The artist discovered the model, Madelyn Lasala (LaSalle) a young girl who was 14 years old, in the elevator of Chicago’s Fine Arts building, while CBOT was being built. Madelyn was on her way up to interview for a modeling assignment and was not given the particular job she sought.
Storrs, upon seeing Madelyn on the elevator, was determined that he had finally found the perfect inspiration for his statue. Storrs gave the elevator operator a note to give Madelyn, when she would be coming back down.
“Please come up to my studio. I have spent a year looking for a model for the statue of Ceres, goddess of grain, which I have been commissioned to do for the top of the Board of Trade building. You are the model for whom I have searched.”

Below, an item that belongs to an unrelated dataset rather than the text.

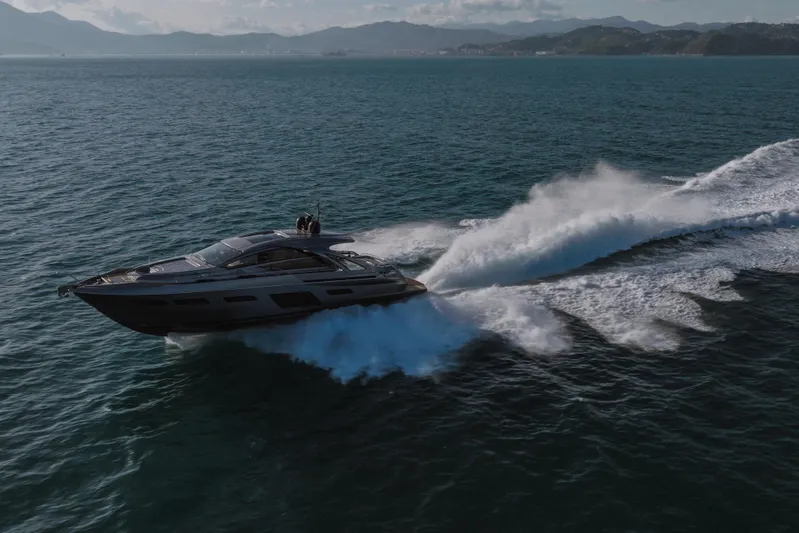 M/y "ghep" Yacht Photos Pics 2022 Pershing 7X yacht cruising swiftly on open sea with scenic mountain backdrop.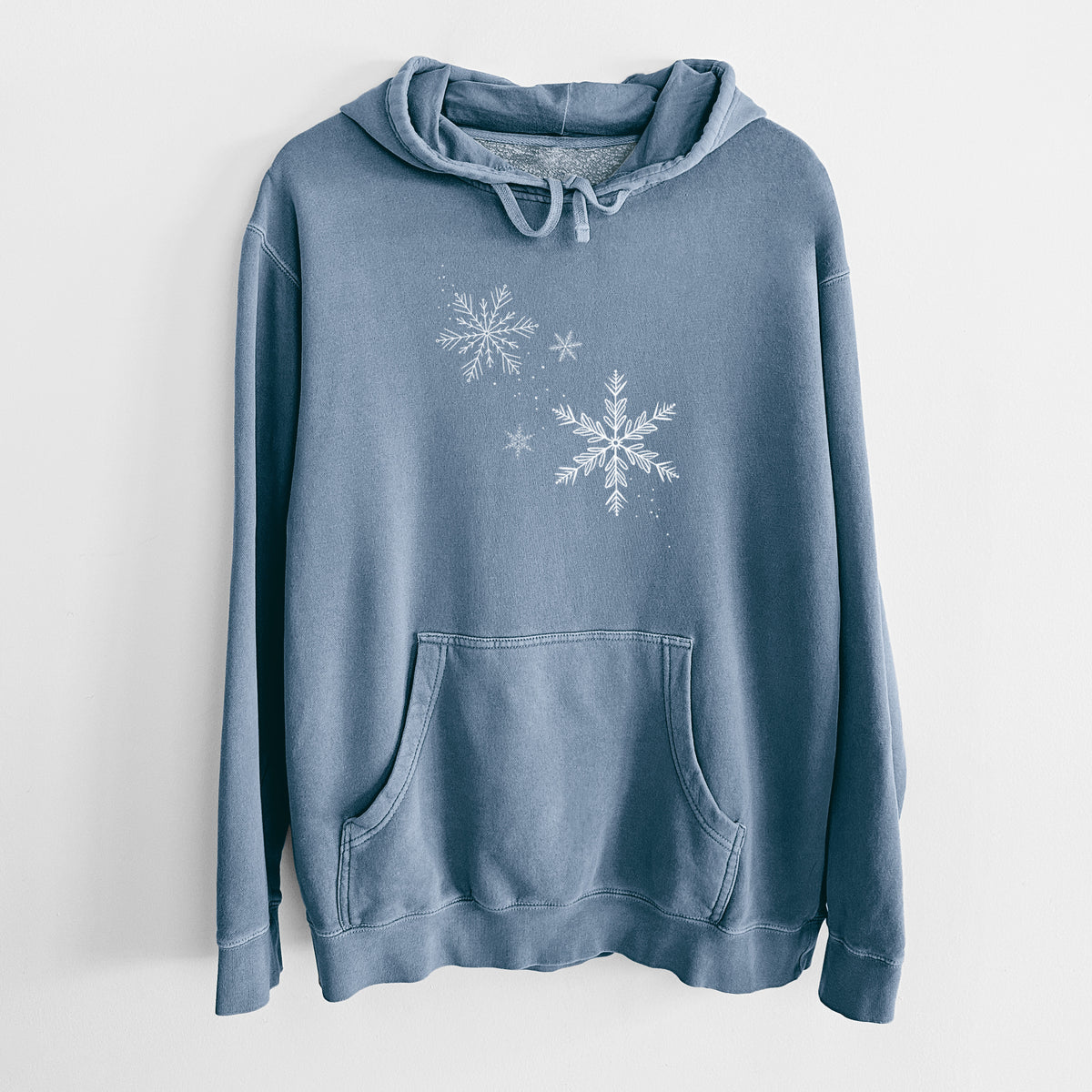 Slate blue pigment dyed hoodie laid flat, printed with delicate white snowflakes of different sizes falling.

Storrs had found his muse. It would take the artist months to finish the studies that would lead to the creation of Ceres. Storrs would take his obsession with verticality and his penchant for the modern aesthetic, to a great new height.
It was Storrs’ vision that this incredible six-ton aluminum minimalist statue be in perfect harmony with the resplendent Board of Trade building—soaring 31 feet—holding a sheaf of wheat in her left hand, a bag of corn in her right and wearing a crown of wheat—emblematic of the building’s original purpose as the world’s largest grain exchange. The columnar lines in Ceres’ garment suggest those of a skyscraper.
The artist believed that Ceres’ height, the suggestion of her figure, her statuesque silhouette were most important—and decided to leave out the details on her face, even though the model was considered a true beauty.
It has been said, that as the tallest building at the time, in Chicago, the artist believed that facial details could never be seen. It is imagined that Storrs never realized that many far taller building would be built.
The great statue of Ceres is exquisitely designed as a result of Storrs’ inimitable appreciation for the ‘machine age.’
It is a majestic, and stoic figure that almost stands like a Sentinel facing north on LaSalle, with her grandeur and presence.
Ceres is one of the greatest sculptural icons in Chicago. She represents not only strength and perseverance in commerce, but also is a constant reminder that relevant and thoughtful design matters. John Storrs, one of the most important modernist sculptors of the 20th century, cared deeply about his mission to create Ceres, a true triumph, and a testament that great art and architectural design go hand in hand.
Note: Madelyn’s father changed his last name to LaSalle—no relation to Sieur de La Salle, an early explorer of Illinois.